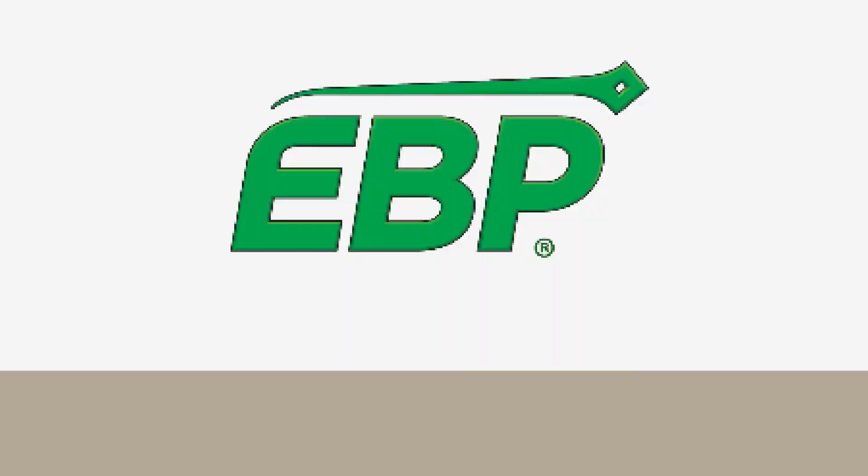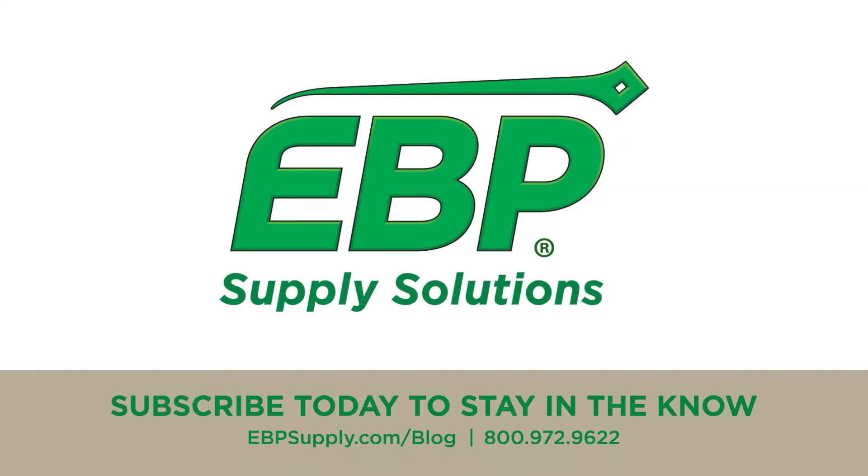I hope you found this video valuable. If so, consider subscribing to our YouTube channel so you are the first to know when new videos are released. For more information, visit www.fema.gov.au.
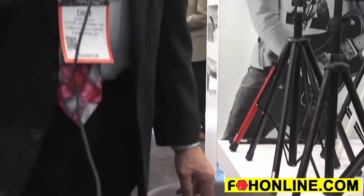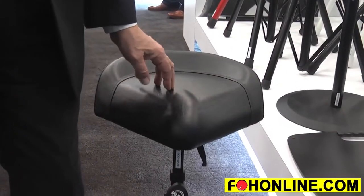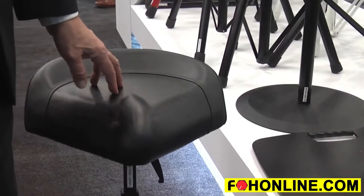Hi, I'm Dave Trout with K&M. We're here at the show talking about the new, the very popular K&M performance stand. This is a great stand for multi-functions. It was originally designed for orchestral bass players, but has found its way into the pro audio world. It's a great stool for front of house and monitor engineers.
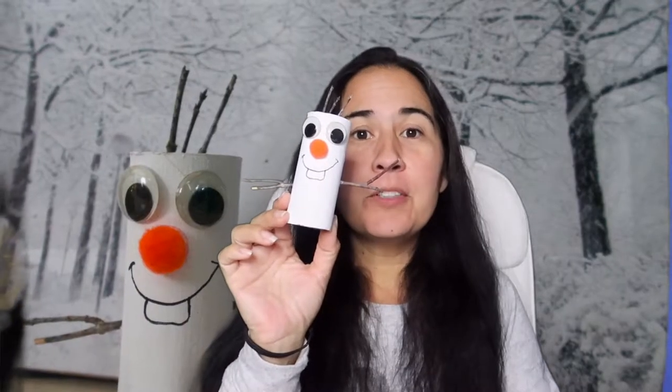Hi everyone and welcome back to A Jolly Good Life. If you want to see how I made this cute little Olaf craft, then stay tuned because this is going to be today's craft.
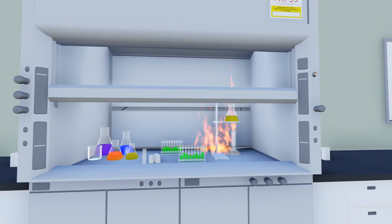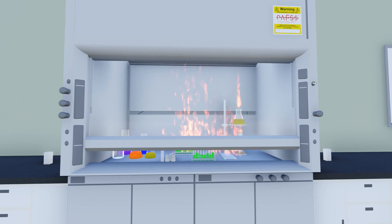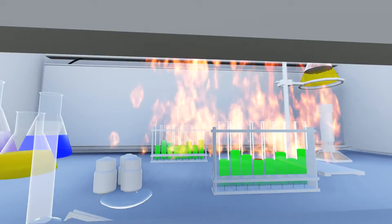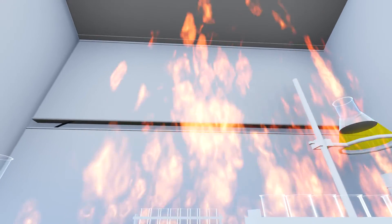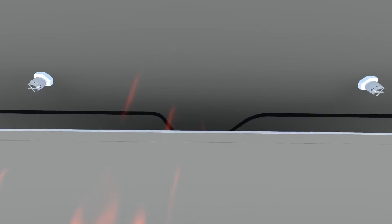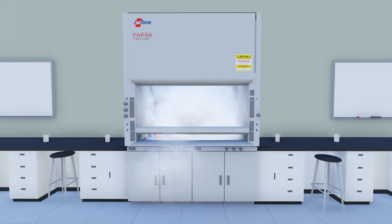In the event of a real fire, the sash should, where possible, be closed to its lowest level. The detection tubing will burst and lose pressure, opening the cylinder valve and releasing the extinguishing agent via the discharge nozzles into the workspace.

══════════════════════════════

◆ Requirement:
Your output should be only the lines from the line with "Hi everyone and" through the end of the data, exactly as they stand, and no pictures.

◆ Answer section:
Hi everyone and welcome back to A Jolly Good Life. If you want to see how I made this cute little Olaf craft, then stay tuned because this is going to be today's craft.
In the event of a real fire, the sash should, where possible, be closed to its lowest level. The detection tubing will burst and lose pressure, opening the cylinder valve and releasing the extinguishing agent via the discharge nozzles into the workspace.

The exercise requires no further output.